Что дало мне силу молчать, когда блистал Троцкий? Таиться, пока в Кремле правили Каменев с Зиновьевым? Как я понял, что настало мгновение готовить Каменева и Зиновьева к удару против Троцкого, пугая их тем, что он, герой Октября, председатель Петросовета и Военно-Революционного Комитета, рано или поздно свалит их, ленинцев, чтобы стать во главе партийной пирамиды и подменить учение Старика своим, вполне оформившимся; троцкизм был весьма популярен в Италии, Германии, Франции, Мексике — особенно после введения нэпа: «шаг назад от революции»…
Мне были видения, думал Сталин; мне был голос Божий, иначе моя победа необъяснима; всем этим крикам о моей гениальности — грош цена, посади на мое место остолопа, и его будут славословить. Да, было Откровение.
Он никогда не мог забыть, с каким блеском Каменев и Зиновьев раздавили Троцкого на Тринадцатом съезде партии — первом, который проходил без Старика. Троцкий тогда предупреждал, что РКП(б) на грани кризиса, рождается партийная бюрократия, цифры и отчеты подменяют жизнь, тасуется колода одних и тех же бюрократов, в то время как главной ставкой партии должна сделаться молодежь, особенно студенческая, то есть та, что, кончив гражданскую войну, по ленинскому призыву решила учиться, учиться и еще раз учиться.

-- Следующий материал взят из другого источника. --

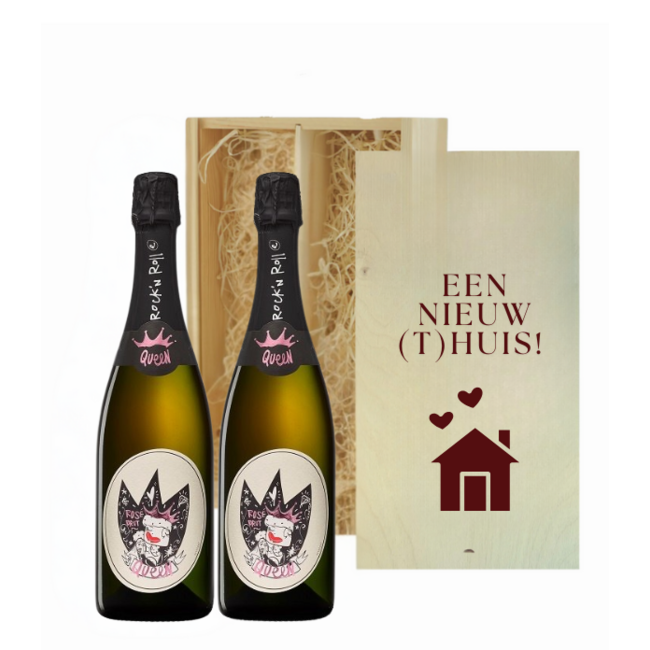 Gepersonaliseerde kist met 2 flessen Bubbels voor Nieuwe Woning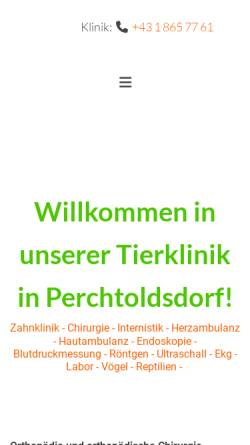 Vorschau der mobilen Webseite www.tierklinik-sonnberg.at, Tierklinik am Sonnberg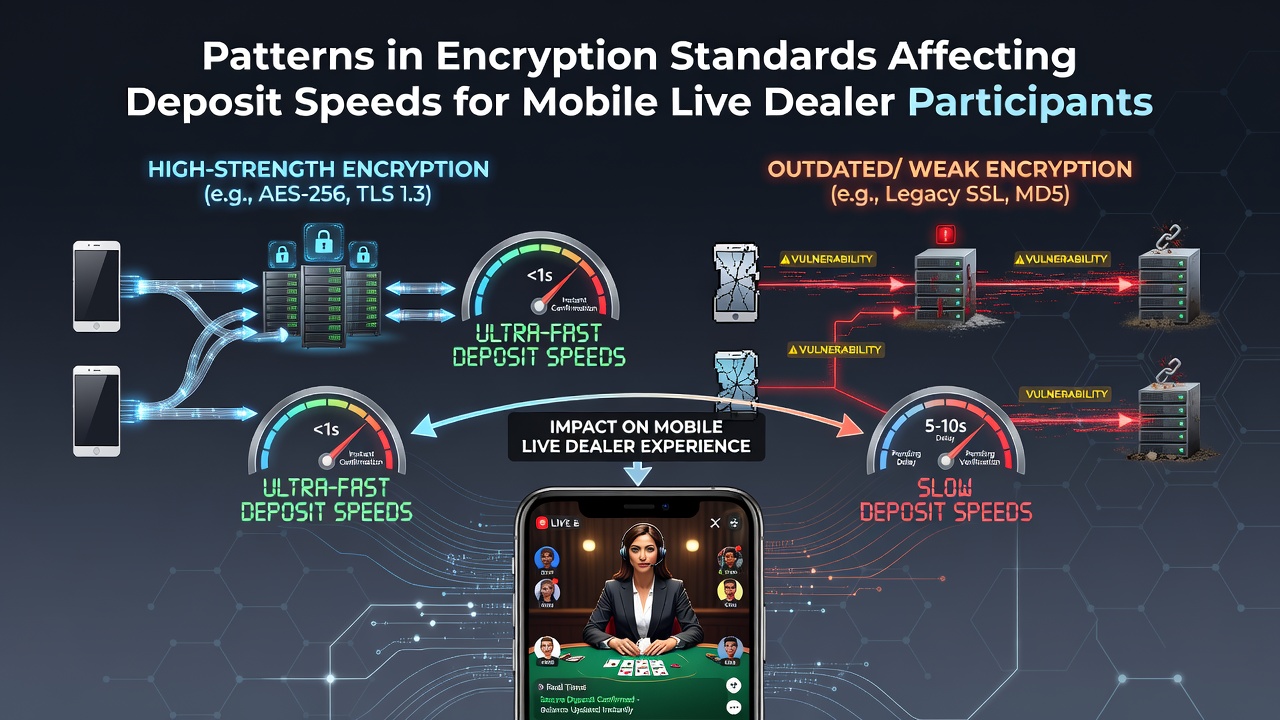 Mobiele live dealer interface met encryptie indicatoren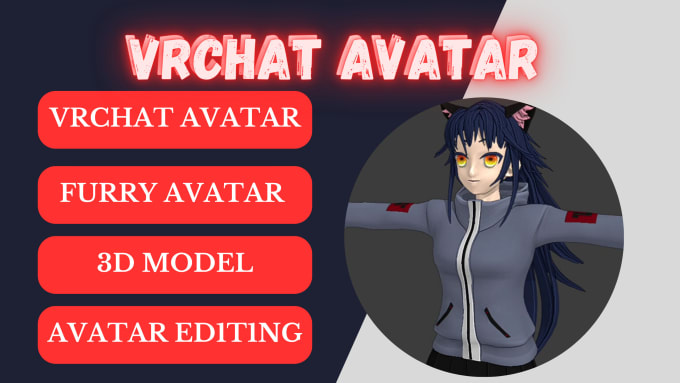 Do vrchat avatar, vrchat 3d model, furry avatar, anime, 3d avatar, vrc ...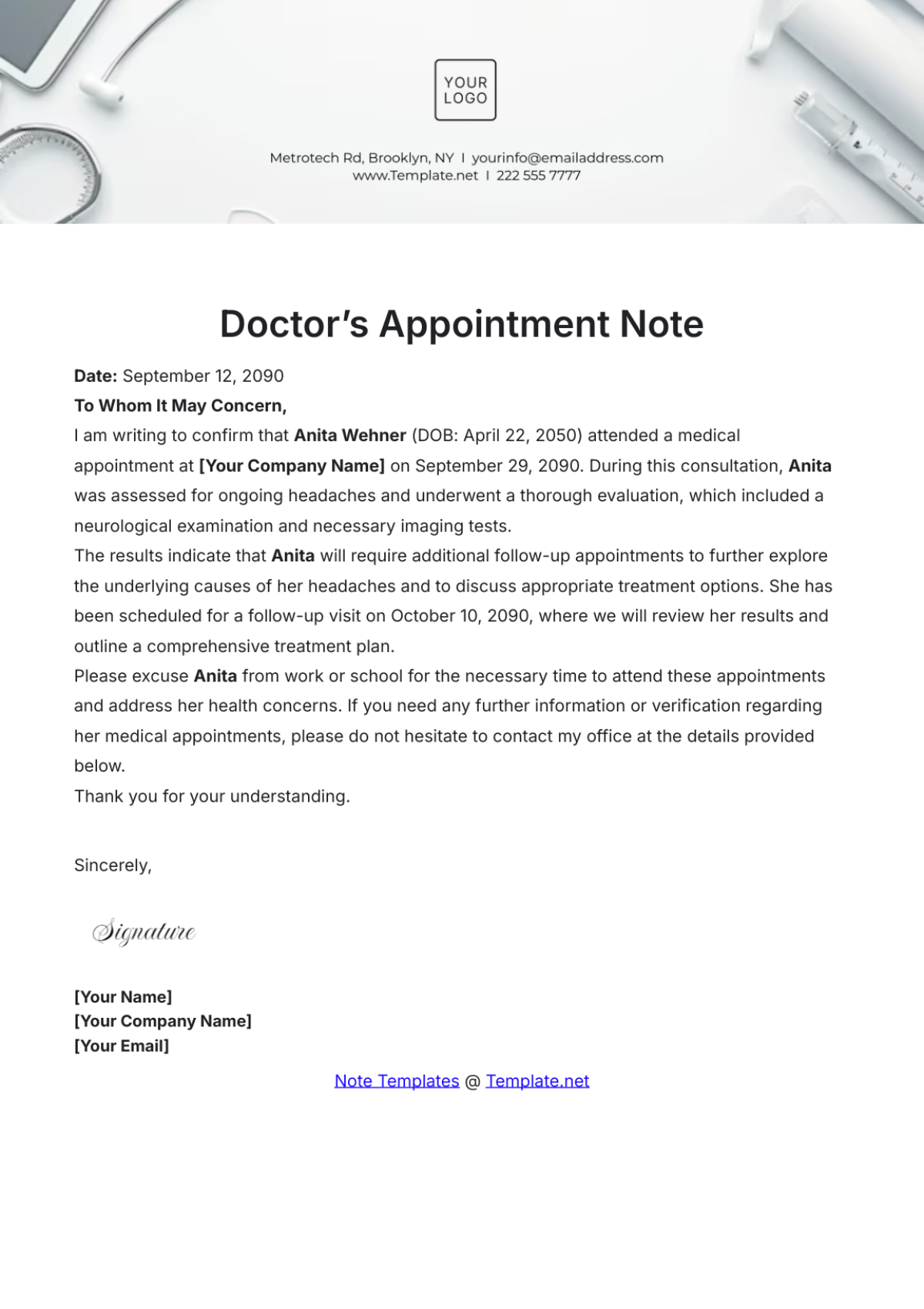 Doctor’s Appointment Note Template - Edit Online & Download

Сталин вспомнил, как он тогда легко подшлифовал антитроцкистский погром, учиненный «его евреями», заявив себя при этом мастером «товарищеских компромиссов». В угоду Каменеву и Зиновьеву, которые требовали привлечения в ЦК как можно больше рабочих и «упрочения» Политбюро за счет именно русских товарищей, знающих деревню не понаслышке, он поднял Бухарина и Рыкова: «вот монолитное единство истинных ленинаев». В то же время Троцкого попросил сосредоточиться не только на армии, но и на металлургии и концессионной политике — сделал это уважительно, по-товарищески, обращаясь не как к равному, но как к признанному лидеру.
А сразу же после этого провел тайное совещание с Бухариным и Рыковым: «Каменев и Зиновьев никогда не смоют с себя октябрьского пятна, к тому же они внутренне страшатся справного мужика и нэпа, не пора ли вам, интеллектуалам и практикам ленинизма, брать на себя тяжкое бремя власти?»